## WORK INSTRUCTIONS:
Copy out the data exactly, leaving the pictures behind.

## RECORDS SHOWN:
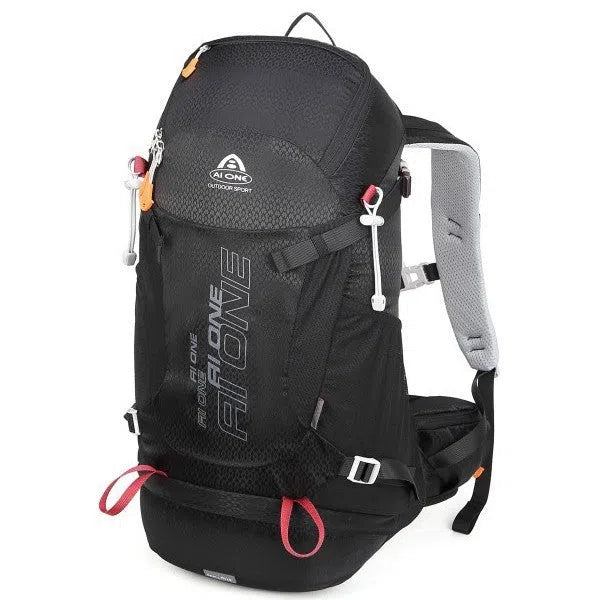 32L nylon hiking backpack in orange, solid colour, breathable waterproof outdoor sports bag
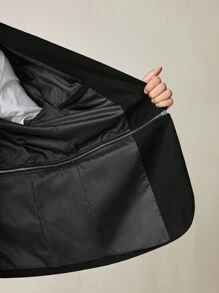 Manfinity VCAY 男士梭织休闲日常宽松纯色拉链长袖夹克，适合秋冬 - 黑色 - 查看 7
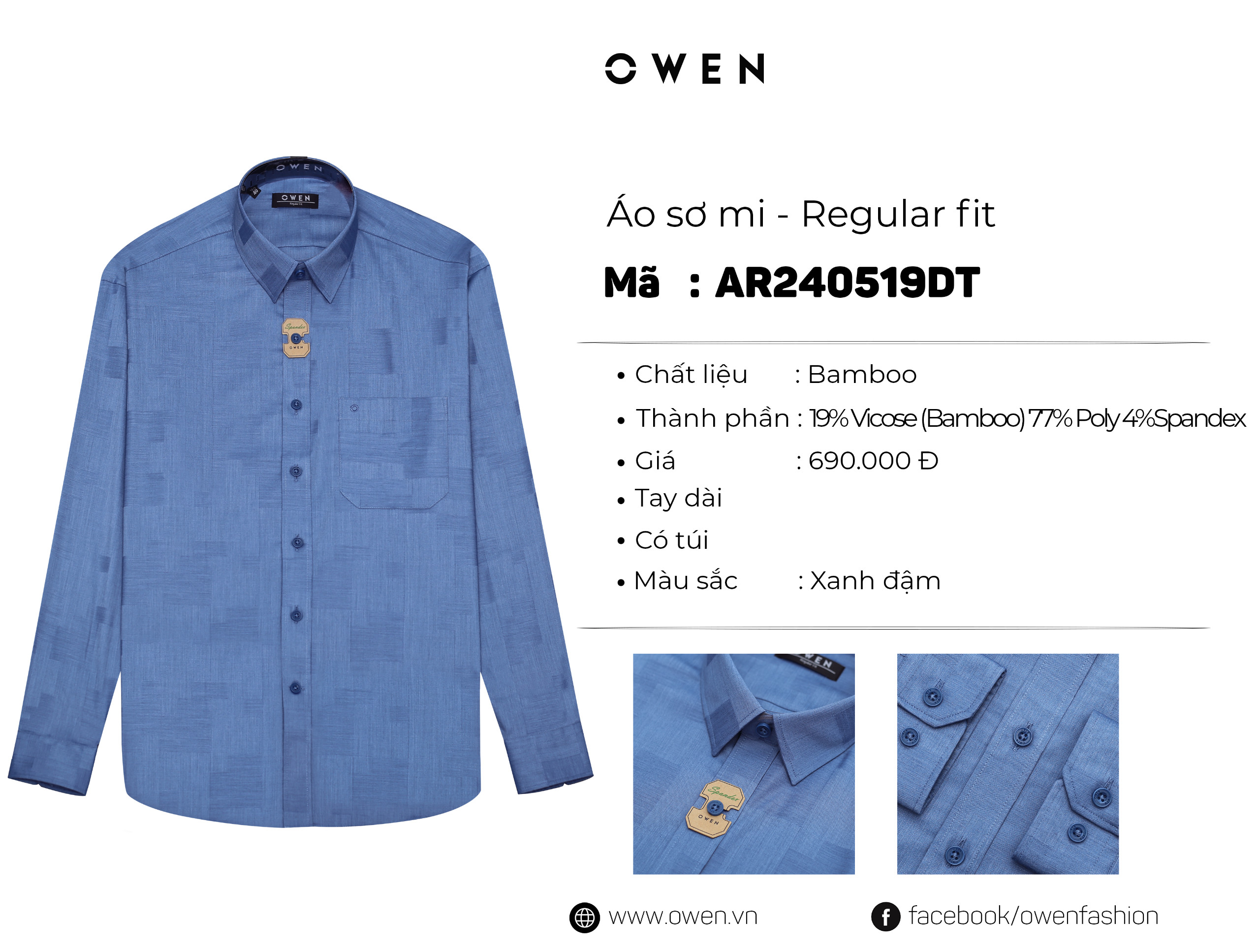 ÁO SƠ MI DÀI TAY AR240519DT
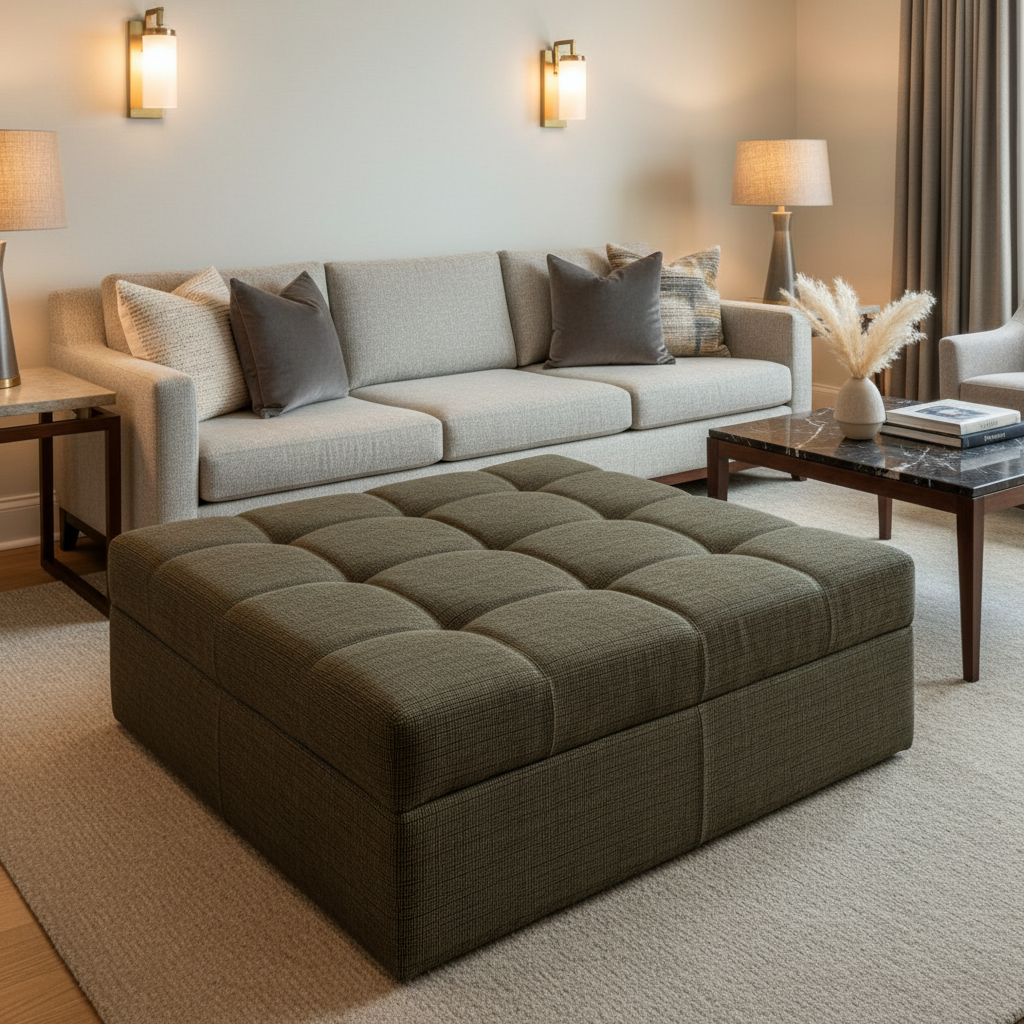 Fine Woven Texture Dark Bronze Upholstered Ottoman | Architectural Fabrics
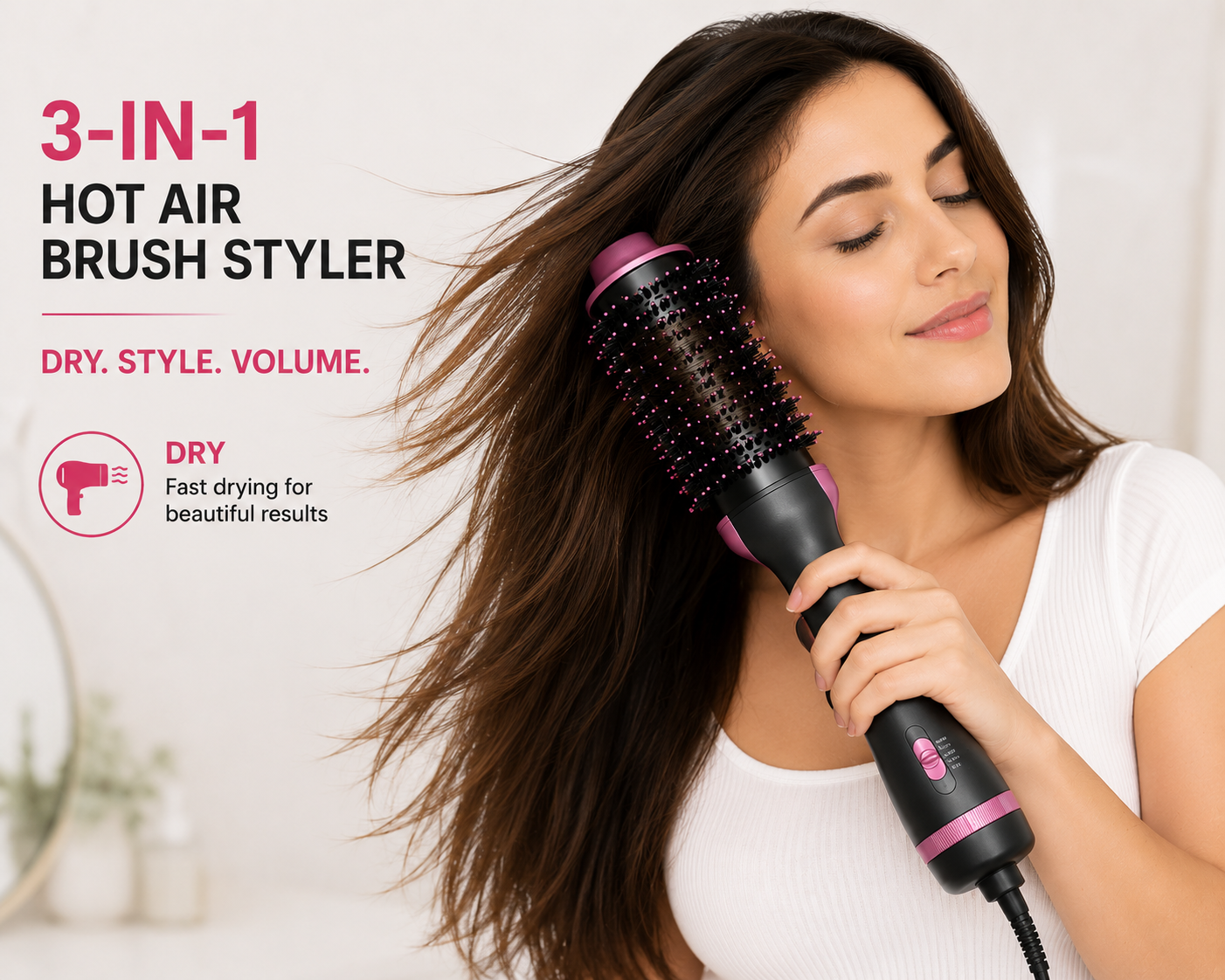 Professional 3-in-1 Hot Air Styler: Your Ultimate Dryer, Straightener, and Curler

## OUTPUT OF THE EXERCISE:
 32L nylon hiking backpack in orange, solid colour, breathable waterproof outdoor sports bag
 Manfinity VCAY 男士梭织休闲日常宽松纯色拉链长袖夹克，适合秋冬 - 黑色 - 查看 7
 ÁO SƠ MI DÀI TAY AR240519DT
 Fine Woven Texture Dark Bronze Upholstered Ottoman | Architectural Fabrics
 Professional 3-in-1 Hot Air Styler: Your Ultimate Dryer, Straightener, and Curler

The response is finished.